Incorrigible

corps etrangers

The Dictionnaire des Sciences Médicales, published in France between 1812 and 1822, was the first encyclopaedic dictionary of medicine. It’s a massive work, running to 60 volumes.  To get a sense of its scale, consider the fact that volume seven, a tome of some 700 pages, deal only with the alphabet between COR and CYS. Among those articles is a 67-page entry on foreign bodies (corps étrangers) – full of extraordinary stories of the unlikely objects people have unwisely swallowed, sat on, or inserted in various orifices of their body. Among them is this tale:

A farmer aged 46 was in the habit of inserting an ear of barley into his own urethra for the purpose of masturbation; one day he could not extract it without experiencing severe pain caused by its barbs, which were directed to the side of the glans. A year later this depraved man pushed a large cylindrical snuff box into his own rectum, and it was only with great difficulty (and a pair of forceps) that a surgeon managed to remove this novel implement of an obsession as strange as infamous. This accident did not cure him of it, for some time later in the same manner he inserted a wooden goblet in his rectum.

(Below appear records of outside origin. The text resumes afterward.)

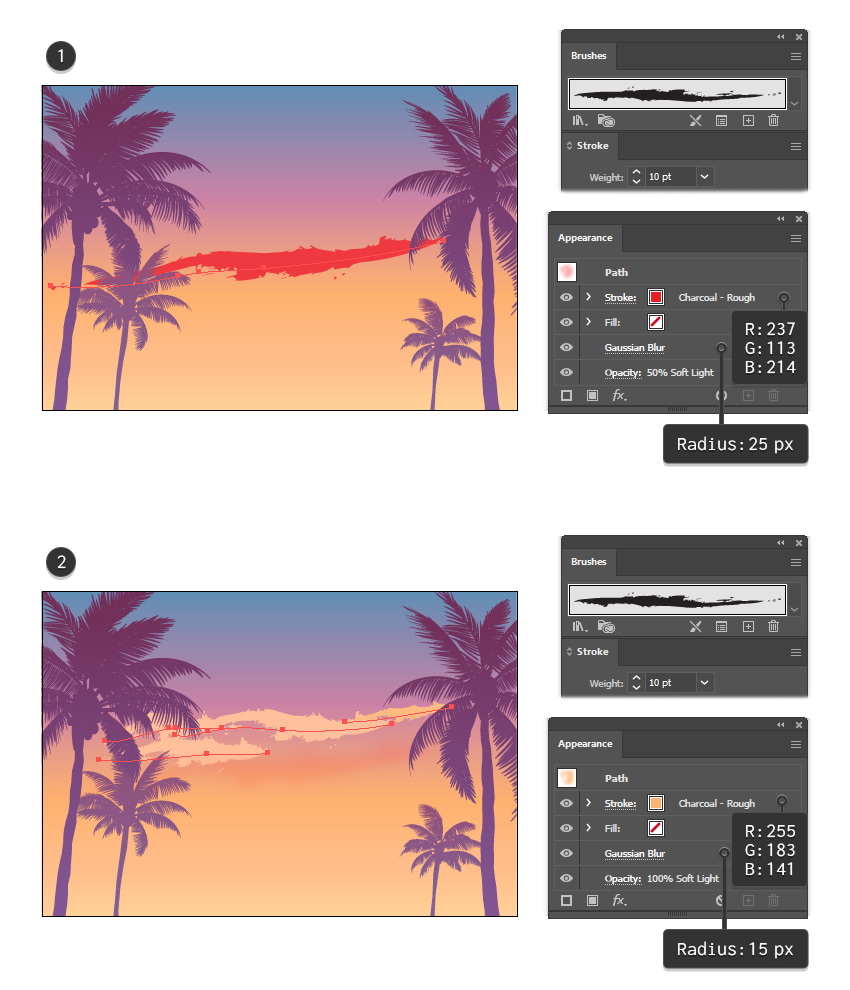 How to add clouds with brush strokes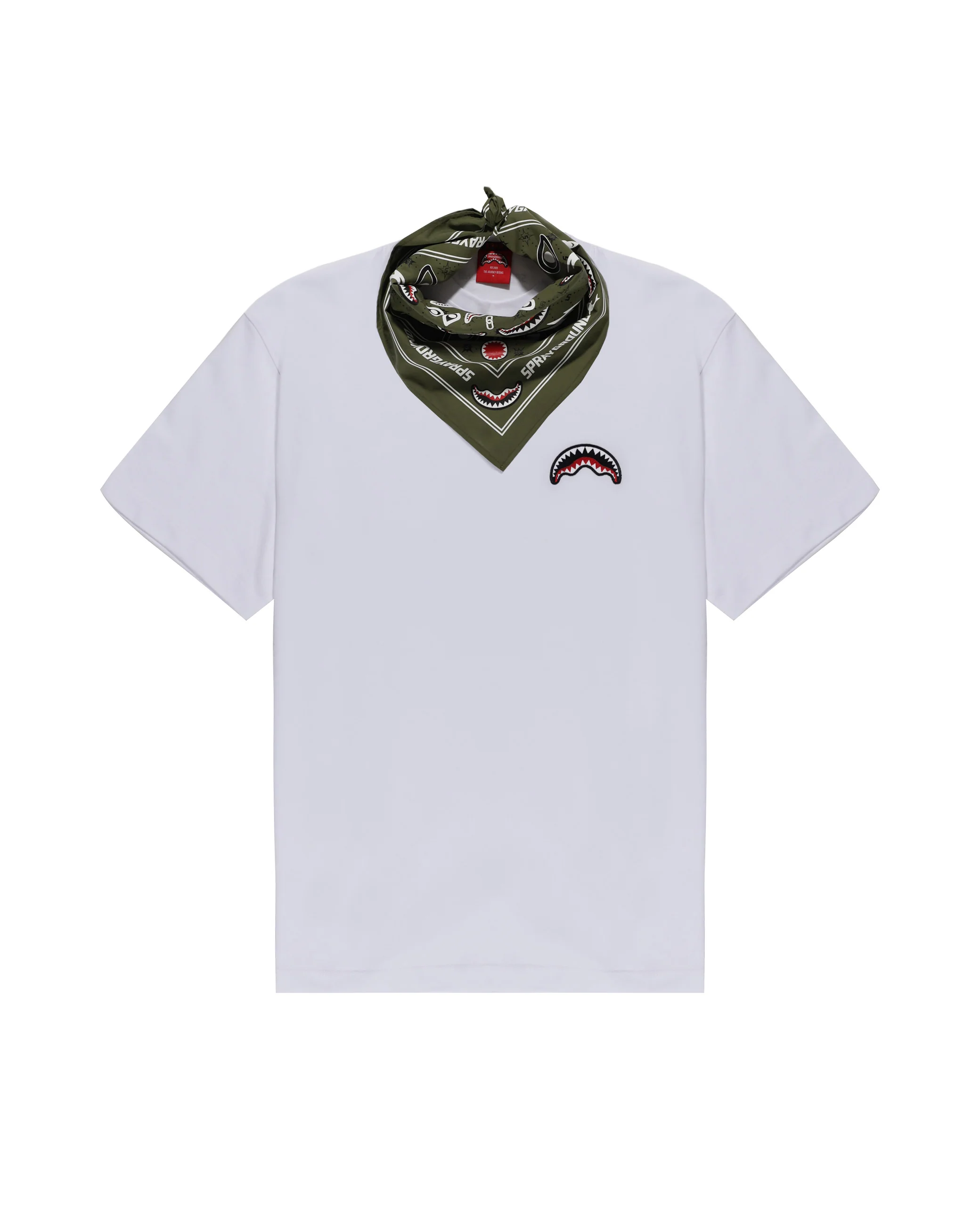 GREEN BANDANA - REGULAR WHITE T-SHIRT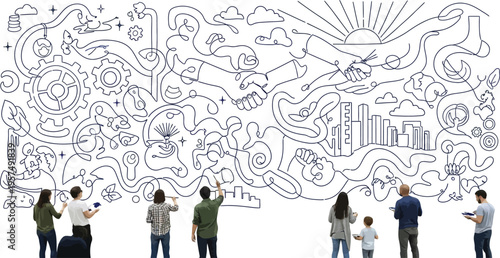 People looking at a large abstract mural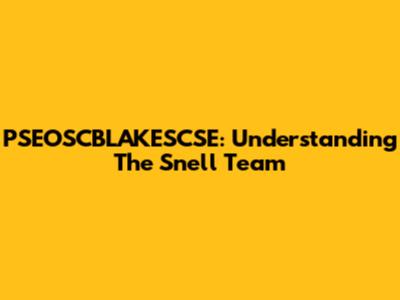 PSEOSCBLAKESCSE: Understanding The Snell Team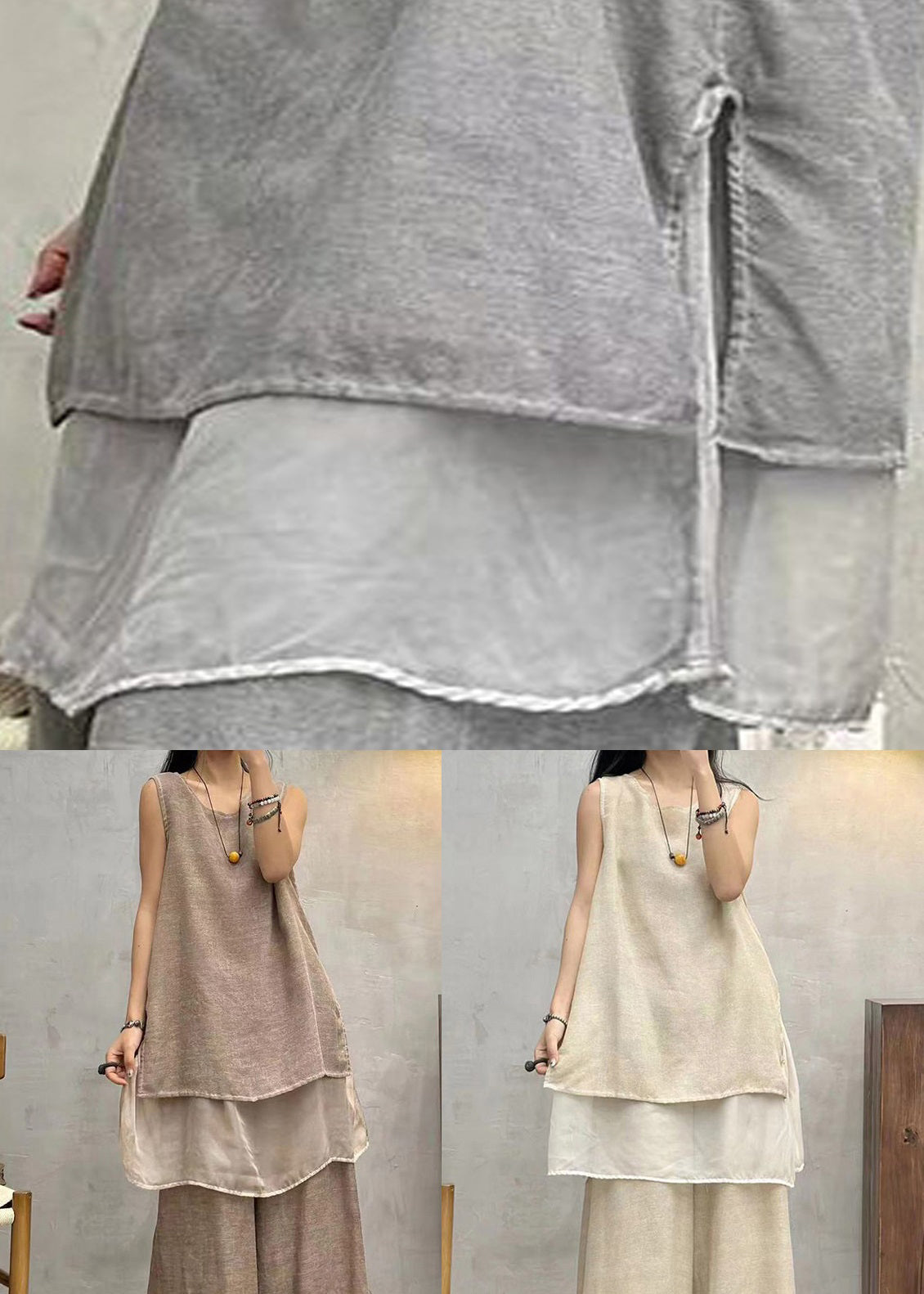 Vintage Kaffee O Neck Solid Patchwork Baumwolle Tops Ärmellos AU1042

The sort of patient doctors can’t stand: one who can’t learn an obvious lesson.

After twenty-four hours colic, and the need to use the water-closet, forced him to confess his wickedness. There was a great deal of swelling around the rectum, and all attempts at extraction were unsuccessful. The patient rested for eight or ten days, but as the inflammation increased the pain became unbearable. He begged one of his neighbours to attempt an extraction using a wood screw, which only fixed the foreign body more firmly in place. A corkscrew was then introduced into the rectum…

The point at which you implore your neighbour to stick a corkscrew up your bottom is probably the moment you realise things have gone badly wrong.

…with it he pierced the base of the goblet in its middle and managed to pull it as far as the sphincter, but the swelling of these parts prevented its exit, and in the efforts to pull the corkscrew it fell out of the goblet; however it produced a small aperture at the bottom of the glass which gave passage to liquid excrement, which afforded him some relief: his stomach gradually swelled; after a month of anguish, the invalid perished amid the terrible pain of an intestinal obstruction.